Sarah Palin Parody Hits Miami Beach
Next week in a small theater roughly the size of dormitory lounge, a local middle-school teacher named Kimberly Cox will magically transform herself into the most powerful image in the free world. "I already have the bangs and the glasses," Cox says, "so I just put the blazer on." Every American with at least a Commodore 64 and a 14K dial-up connection knows that this Holy Trinity of costuming equates to one Sarah Louise Heath Palin, governor of Alaska, Republican vice presidential nominee, and reigning queen of YouTube. (Bow down before her, O barely exposed nipple of Angelina Jolie!)
So how did the actress get the weighty responsibility of inhabiting Palin? Says Cox: "I'm the only girl in the group." The group being, less obviously, Cine-Improv, a collection of three Miami comedians that performs a combination improv and sketch show once a month at Miami Beach Cinemateque. The October 29 show is their first "politically themed" performance, and during the height of the election season, it promises to be their best attended. So surely for such an important component of the show, there's some resemblance between performer and Palin?

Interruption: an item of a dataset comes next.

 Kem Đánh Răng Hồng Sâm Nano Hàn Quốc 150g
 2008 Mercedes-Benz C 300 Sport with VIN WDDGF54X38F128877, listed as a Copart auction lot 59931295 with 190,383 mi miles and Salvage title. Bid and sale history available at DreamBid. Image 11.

But, as Cox points out, not even Tina Fey, master of All Things Mocking Palin, has the bone structure to match that of the governor, and that's the beauty of Cox's version. She proves that imitating Palin is just as easy as being Palin: Speak in a Northwestern accent, throw in some folksy phrasing and a wink (or several), and you've become her.

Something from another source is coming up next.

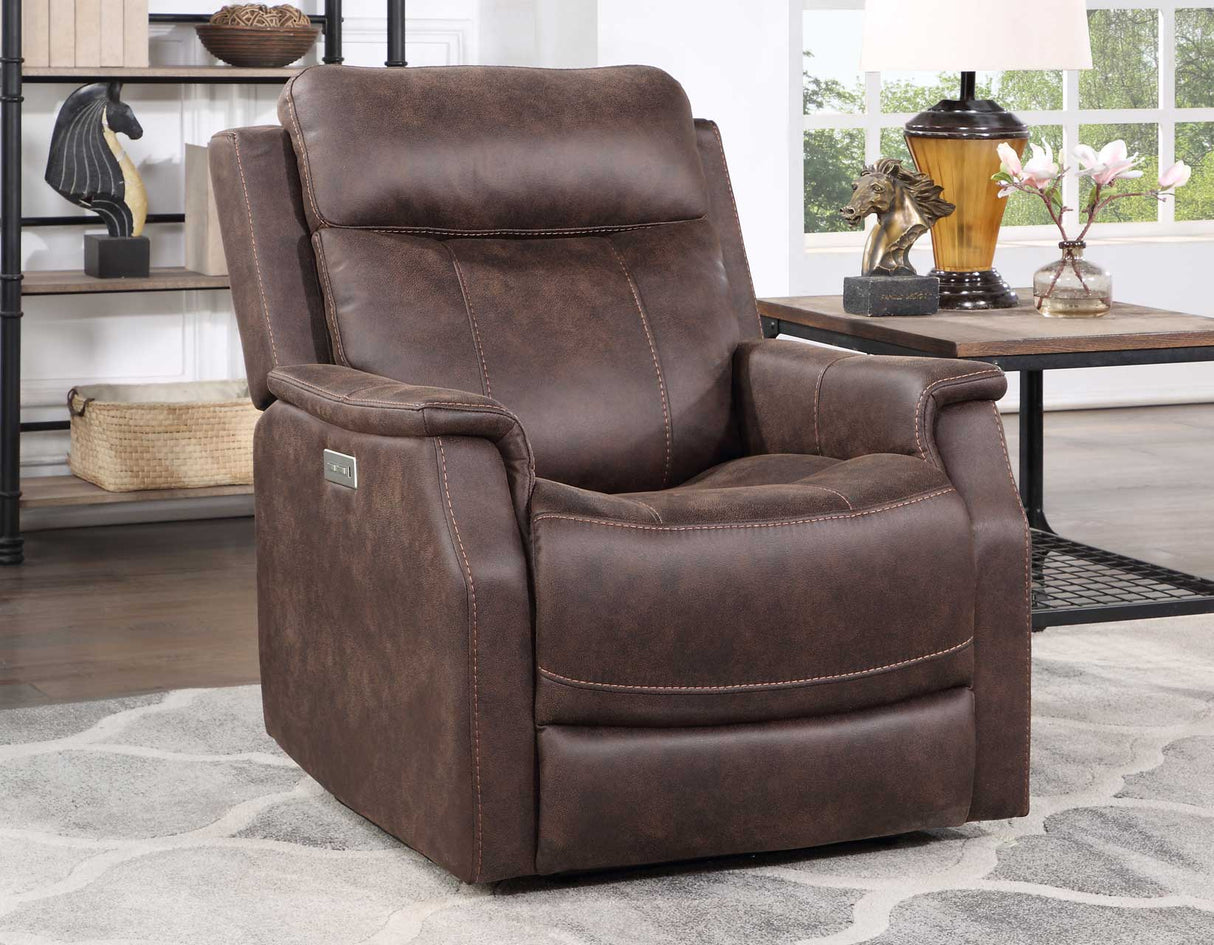 Valencia Walnut 3-Piece Dual Power Reclining Set by Steve Silver at Eve Furniture
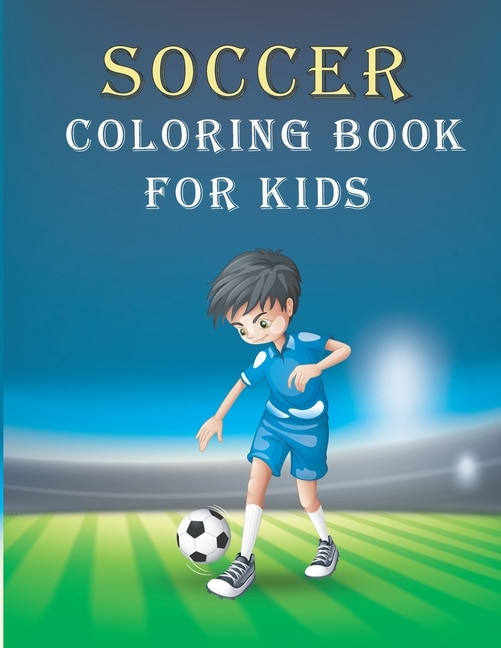 Couverture_Soccer Coloring Book For Kids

"It doesn't half-matter what you're saying," Cox notes. Perhaps that's the reason Palin has found a new level in the streaming inferno of modern American politics — she's not a lack of function disguised by an over-indulgence in form; she's all form, all surface. On a linguistic level, Palin is Roland Barthes's El Dorado — a pure signifier that has no signified. In other words, she's Hulk Hogan. She's Randy "Macho Man" Savage. She's the lost sibling in the Dudley family — a walkin', talkin' poem that exists only to be recited.

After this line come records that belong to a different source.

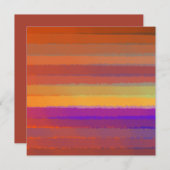 Glühender Sonnenaufgang salziger Pop der Farbkunst Mitteilungskarte (Vorne/Hinten)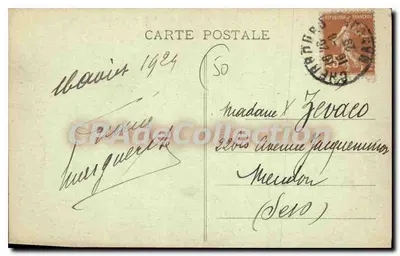 Cherbourg — Ogólny widok Rady z Flotą — Kolekcja A. B., Cherbourg — Rewers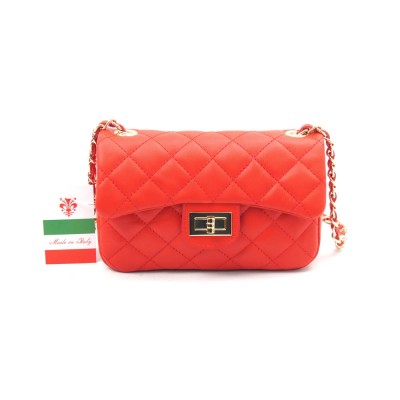 Женская кожаная сумка кросс-боди VEZZE 2448 красная Женская кожаная сумка кросс-боди VEZZE 2448 красная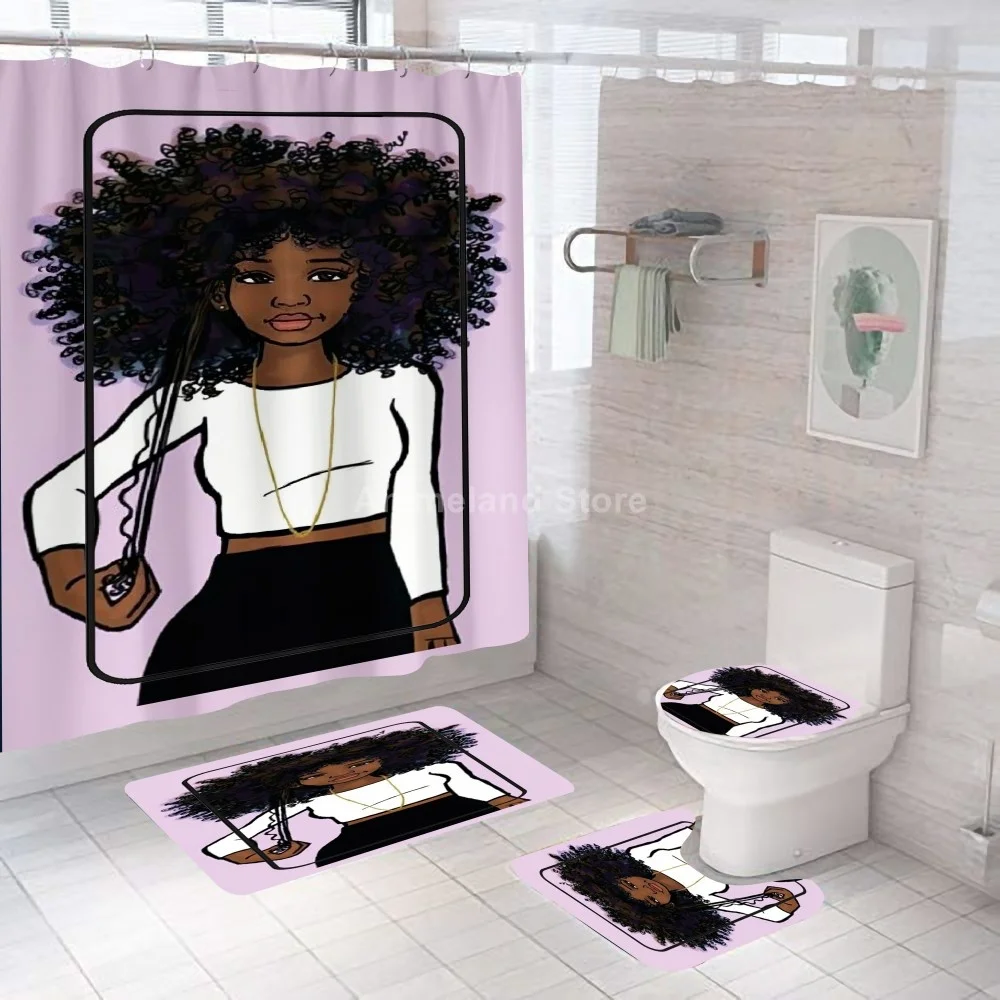 Сексуальная Женская занавеска для душа ванной комнаты наборы чехол унитаза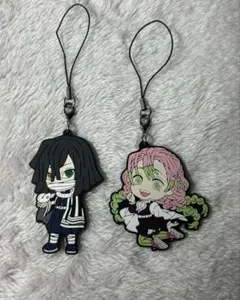 鬼滅の刃　伊黒小芭内&甘露寺蜜璃　きゅんキャラ　ラバーキーホルダー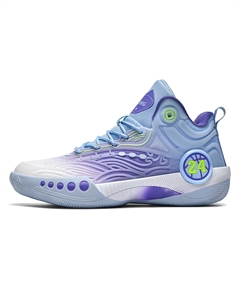 Дышащие баскетбольные кроссовки мид для детей подростков, серо-фиолетовый Amicniegd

Unless of course you vote Republican, in which case she might mean an end to Roe v. Wade, the estate tax, and the hubris of all of those snooty, silver-tongued neighbors with the big "O" stickers on the backs of their Priuses. Which raises the question: Is Palin parody funny to her supporters? Or only to Dems?
Perhaps liberals are inherently funnier than conservatives? Maybe, says Cox, but it's more complicated than that. "I think for a majority of [comedians], acceptance is the principle that drives their political viewpoints." Meaning that she must first and foremost be true to the audience's desires, which then determines her content. This practice leads many funny-types such as her to the Democratic party, where there's a government-sponsored program for everyone.
But that's not why Cox is imitating the VP candidate for this show. "Us parodying Sarah Palin isn't because of our political views," she says. "Obama is just not as funny to make fun of."
She points out that everyone, regardless of political stance, took whole-hearted shots at Bill Clinton when he was in office.
Her partner in Cine-Improv, Michael Murray, agrees. "Sarah Palin is a comedian's wet dream," he says and then admits he constantly thinks about Palin sketches during his day job as — cue drum roll — an immigration attorney. "When I saw her rhinestone broach in the shape of Alaska, I immediately wanted to do a sketch in which Palin shaves her private area in the shape of the state."
That sketch, sadly, will not be performed Wednesday night. Instead, Cine-Improv, in an effort to differentiate its show from Saturday Night Live parodies, will transport the Palin signifier to nonpolitical situations: for instance, a sixth-grade homeroom in Wasilla, where an 11-year-old Palin will campaign for the class presidency, and a movie theater where a 17-year-old Palin is on a first date. "We're taking it to a more absurd place," Murray explains. More absurd than Palin? This should be worth seeing.